Here are the in-class examples
to make it easy to follow along...
In particular, after each comment is a block of examples -- you'll be able
to copy-and-paste those into R's console in order to run them. You
may need to install packages as they appear, too... .
As usual, for this assignment, please submit a zipped folder named hw6.zip
that contains a few files: one named pr1.txt that includes
your interactive session (or history)
working through Chapter 13 of the Data Science book, entitled Word
Perfect. That chapter guides
you through a first-pass text analysis of Tweet data and then builds a word-cloud
out of the terms.
Here is a full list of the files, including some extra-credit options:
- pr1.txt should be your history (or console)

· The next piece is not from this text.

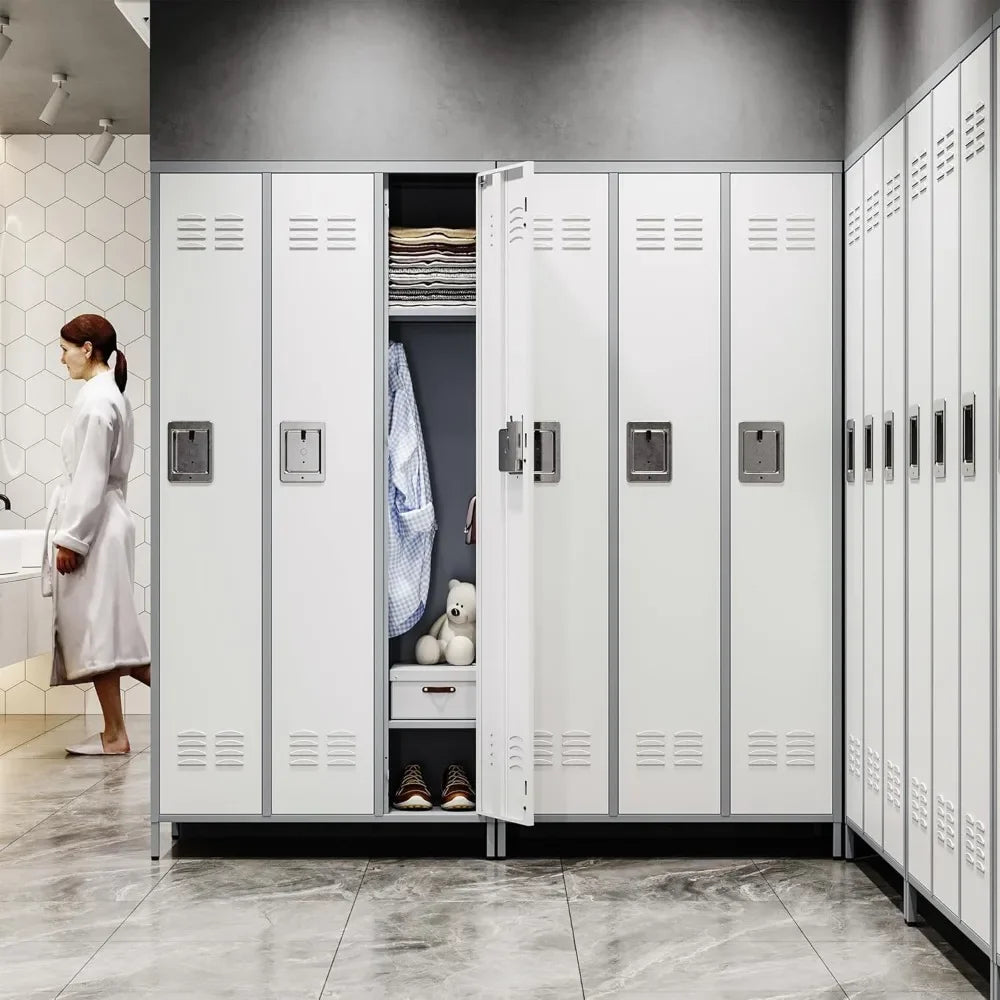 YQXH Metal Lockers for Employees-3 Door Storage Locker with Shelves and Lockable Steel Cabinet for School,Gym,Office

interactions for the book's Chapter 13. This introduces the tm (text
mining) package to the R libraries we've used and shows some of its
most important functions. For fun, it also introduces the wordcloud
Also, include a file named pr1.R, which
should have your definition for an R function named make_cloud,
which should take in an input search term and then, following the
suggestions and the functions in the chapter,
it should create a wordcloud from Tweets gathered from that search term.
This is the "challenge" posed at the end of the chapter.
In addition, please include two (or more) image files with pictures of
your textclouds from different search terms.
[Optional] upto +5 points are available
for adding artistic touches, such as color, to your word clouds (you may
have to investigate the wordcloud documentation to do this...).
- For problem 2, you will want to return to the Titanic-survivor dataset of
a few weeks ago. It is linked here in train742.csv.
For this week's assignment, however, you should use R's randomForest package
to create a forest-based
predictive model in pr2.R for whether or not a passenger
would have survived the sinking of the Titanic. Your predictive
- first remove from the dataset any columns that are not useful or usable
- for example,
the randomForest package will not handle categorical variables with more than
32 distinct levels, e.g., names.
- change the data formatting so that it's as useful as possible, e.g.,
making sure the survived column is considered a factor variable!
Other changes that are helpful to you are certainly welcome!
- it should impute the NA variables with values, using
the rfImpute functions, as we did with the iris data in class
- Finally, it should create a random forest based on
the Titanic data; then (either together or in a separate script) you
should run that forest against the original data and indicate what percentage
of the passengers it correctly classifies.